Defragmentor and Evictor
Two additional processes – the Defragmenter and the Evictor – work together to ensure that there is space both in DRAM and disk to write new data. The Defragmenter tracks the number of active records on each block on disk, and reclaims blocks that fall below a minimum level of use.
The Evictor is responsible for removing references to expired records, and for reclaiming memory if the system gets beyond a set high water mark. When configuring a namespace, the administrator specifies the maximum amount of DRAM used for that namespace, as well as the default lifetime for data in the namespace. Under normal operation, the Evictor looks for data that has expired, freeing the index in memory and releasing the record on disk. The Evictor also tracks the memory used by the namespace, and releases older, although not necessarily expired, records if the memory exceeds the configured high water mark.
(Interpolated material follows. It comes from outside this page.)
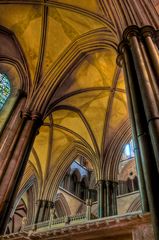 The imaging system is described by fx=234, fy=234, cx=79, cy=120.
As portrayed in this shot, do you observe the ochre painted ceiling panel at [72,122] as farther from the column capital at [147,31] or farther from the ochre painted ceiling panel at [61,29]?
the column capital at [147,31]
By allowing the Evictor to remove old data when the system hits its memory limitations, Citrusleaf can effectively be used as an LRU cache.
Note that the age of a record is measured from the last time it was modified, and that the Application can override the default lifetime any time it writes data to the record. The Application may also tell the system that a particular record should never be automatically evicted.
Conclusion
The Citrusleaf architecture is derived from three core principles – NoSQL scalability and flexibility, and traditional database consistency and reliability. These principles are demonstrated in the shared-nothing distribution architecture, the schema-less data framework, the insistence on immediate consistency and atomicity, and system-wide fault-tolerance. In addition, the architecture is geared to operational efficiency, both in its ease of use for application developers and system administrators, and in its speed and low resource overhead requirements when running on off-the-shelf Linux environment. Citrusleaf represents a best of all worlds solution for applications requiring fast transactional access to web-scale data.